Aproveite, senhor ex-presidente, e faça a autocrítica que até aqui se recusou a fazer, pelo superfaturamento consentido na construção dos estádios da Copa. Peça desculpas pela roubalheira na Petrobras e em todas as estatais aparelhadas no seu governo para servir a interesses de grandes empresários e de políticos. Peça desculpas pelo mensalão, que encheu os bolsos dos seus aliados de ocasião no primeiro mandato.
Pense, senhor Lula, o que seria o Sistema Único de Saúde se todo o dinheiro da corrupção no seu e em outros governos tivesse sido direcionado para equipar hospitais, remunerar profissionais da saúde e adquirir os insumos necessários à prestação de um serviço melhor para os brasileiros que dependem do setor público.
Não é o caso de dizer “Lula, por que não te calas?”, como disse o rei Juan Carlos, da Espanha, ao falecido Hugo Chávez, de quem o senhor foi amigo e admirador. Ex-presidentes podem e devem se manifestar, seja para ajudar na solução de crises, seja para mostrar que nada aprenderam com seus erros.

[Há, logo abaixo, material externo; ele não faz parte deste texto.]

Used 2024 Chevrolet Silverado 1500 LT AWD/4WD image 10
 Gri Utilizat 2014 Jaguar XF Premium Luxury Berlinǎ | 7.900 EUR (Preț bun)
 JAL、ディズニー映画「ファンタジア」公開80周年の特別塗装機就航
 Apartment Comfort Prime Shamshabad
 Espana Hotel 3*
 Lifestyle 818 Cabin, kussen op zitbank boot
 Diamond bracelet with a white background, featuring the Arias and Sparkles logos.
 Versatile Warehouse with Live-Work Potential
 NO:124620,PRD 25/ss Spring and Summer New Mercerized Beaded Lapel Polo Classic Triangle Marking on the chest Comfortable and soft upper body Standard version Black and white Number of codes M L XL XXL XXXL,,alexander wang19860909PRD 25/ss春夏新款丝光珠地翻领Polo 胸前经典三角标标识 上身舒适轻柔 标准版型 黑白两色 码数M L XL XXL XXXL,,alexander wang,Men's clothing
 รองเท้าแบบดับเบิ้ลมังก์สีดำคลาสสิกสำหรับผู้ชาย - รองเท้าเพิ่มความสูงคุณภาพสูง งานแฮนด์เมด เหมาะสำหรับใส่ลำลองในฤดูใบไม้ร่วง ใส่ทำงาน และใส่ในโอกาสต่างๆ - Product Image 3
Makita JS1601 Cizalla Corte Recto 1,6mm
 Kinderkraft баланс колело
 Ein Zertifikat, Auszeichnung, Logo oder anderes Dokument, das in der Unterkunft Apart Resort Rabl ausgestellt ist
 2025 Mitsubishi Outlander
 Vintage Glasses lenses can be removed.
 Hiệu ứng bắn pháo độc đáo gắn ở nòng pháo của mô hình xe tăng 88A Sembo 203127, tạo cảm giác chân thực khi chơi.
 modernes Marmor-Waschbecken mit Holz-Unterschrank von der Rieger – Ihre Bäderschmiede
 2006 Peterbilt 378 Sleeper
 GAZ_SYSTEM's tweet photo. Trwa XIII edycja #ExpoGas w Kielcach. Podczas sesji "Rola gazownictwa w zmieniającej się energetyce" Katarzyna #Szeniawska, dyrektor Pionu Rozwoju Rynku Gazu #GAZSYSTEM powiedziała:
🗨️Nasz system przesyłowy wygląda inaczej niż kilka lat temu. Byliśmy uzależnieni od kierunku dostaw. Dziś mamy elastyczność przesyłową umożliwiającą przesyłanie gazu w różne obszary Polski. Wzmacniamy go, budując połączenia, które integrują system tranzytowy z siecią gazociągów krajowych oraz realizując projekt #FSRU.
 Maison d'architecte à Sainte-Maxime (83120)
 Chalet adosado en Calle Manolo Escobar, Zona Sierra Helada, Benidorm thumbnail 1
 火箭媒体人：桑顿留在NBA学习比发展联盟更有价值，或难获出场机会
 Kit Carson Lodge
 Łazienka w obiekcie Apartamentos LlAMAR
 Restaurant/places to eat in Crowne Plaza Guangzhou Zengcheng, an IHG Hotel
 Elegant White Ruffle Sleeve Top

A vitória de Bolsonaro na eleição de 2018 tem muito a ver com sua insistência em ser candidato, mesmo estando com os direitos políticos suspensos por ser ficha suja, de acordo com a lei. Ao dividir o país em “nós contra eles”, o senhor abriu caminho para a eleição de um presidente inepto e desequilibrado. Sua declaração, no mesmo dia em que o país ultrapassou a barreira das mil mortes em 24 horas e que Bolsonaro deu gargalhadas ao sugerir cloroquina para a direita e tubaína para a esquerda, não é mera coincidência. Os dois estão desrespeitando os brasileiros porque, a seu modo e estimulados pelos bajuladores de plantão, consideram-se mitos. Não são. A História julga seus ex-presidentes pelos seus atos, pelas palavras e pelas omissões.